Simulate annealing a single stranded piece of DNA to a double_stranded template.

anneal_forward(other, min_bases=13, depth=None)[source]

Anneal a sequence in the forward direction.

anneal_reverse(other, min_bases=13, depth=None)[source]

Anneal a sequence in the reverse direction.

annotate(start, end, name, feature_type=None, color=None, strand=None)[source]

Annotate a regions.

Parameters
  • start (int) – start

  • end (end) – end (inclusive)

  • name (basestring) – feature name

  • feature_type (basestring) – feature type (default=misc)

  • color (basestring) – optional feature color

Returns

new feature

Return type

Feature

c()[source]

Complement the sequence in place.

property circular

Alias for cyclic.

static collect_nodes(nodes)

Return all visisted nodes and return an unordered set of nodes.

Returns

all visited nodes

Return type

set

compare(other: jdna.linked_list.DoubleLinkedList) → bool

Compares two linked lists. If both are cyclic, will attempt to reindex.

Parameters

other (DoubleLinkedList) – other linked list

Returns

whether sequence data is equivalent

Return type

bool

complement()[source]

Complement the sequence in place.

copy_slice(start: jdna.linked_list.Node, end: jdna.linked_list.Node) → jdna.linked_list.DoubleLinkedList

Return a copy of the sequence between ‘start’ and ‘end’ nodes.

If start is None, return the slice copy from head to end. If end is None, return copy from start to tail. If both start and end are None return None.

digest(enzymes, as_names=False)[source]

Supply either a Bio.RestrictionSite or a tuple of (seq, cut1, cut2)

e.g. (‘GTTTAAAC’, 4, -4)

Parameters

enzymes (list (of tuple|Bio.RestrictionSite)) – either a Bio.RestrictionSite or a tuple of (seq, cut1, cut2)

Returns

list of sequences

Return type

list

dsanneal(dsDNA, min_bases=13, depth=None)[source]

Simulate annealing a double stranded piece of DNA to a double_stranded template.

property features

Return a list of feature positions.

Parameters

with_nodes (bool) – if True, will return a tuple composed of a feature to position dictionary and a feature to start and end node. If False, will just return a feature to position dictionary

Returns

feature positions dictionary OR tuple of feature positions dictionary and feature node dictionary

Return type

tuple

property features_list

Returns set of features contained in sequence.

Returns

set of features in this sequence

Return type

set

static find_ends(nodes)

Efficiently finds the head and tails from a group of nodes.

find_feature_by_name(name)[source]

Find features by name.

Parameters

name (basestring) – feature name

Returns

list of features

Return type

list

find_iter(query: jdna.linked_list.DoubleLinkedList, min_query_length: int = None, direction: int = <Direction.FORWARD: 1>, protocol: Callable = None, depth: int = None)
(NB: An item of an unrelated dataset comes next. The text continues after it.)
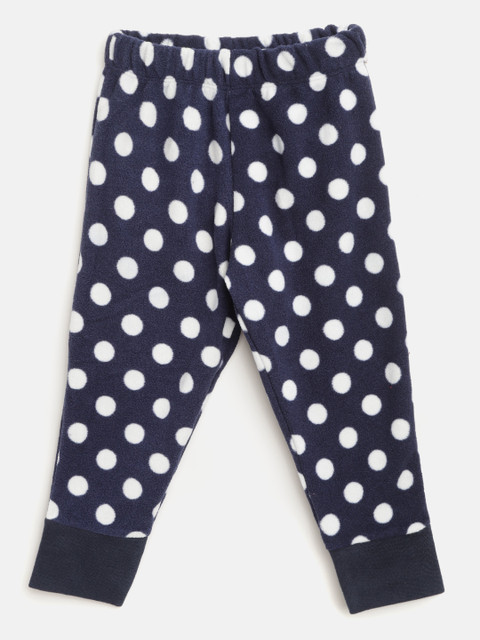 

CrayonFlakes Kids Navy Blue & White Polka Dot Print Joggers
Iteratively finds positions that match the query.

Parameters
  • query (DoubleLinkedList) – query list to find

  • min_query_length (inst) – the minimum number of matches to return. If None, find_iter will only return complete matches

  • direction (int or tuple) – If Direction.FORWARD (+1), find iter will search from the query head and search forward, potentially leaving a ‘tail’ overhang on the query. If Direction.REVERSE (-1), find iter will search from the query tail and search reverse, potentially leaving a ‘head’ overhang on the query. If a tuple, the template_direction and query_direction are set respectively.

  • protocol (callable) – the callable taking two parameters (as Node) to compare during find. If None, defaults to ‘equivalent’

Returns

list of LinkedListMatches

Return type

list

inclusive_range(i: int, j: int) → Generator[jdna.linked_list.Node, None, None]

Return generator for inclusive nodes between index i and j.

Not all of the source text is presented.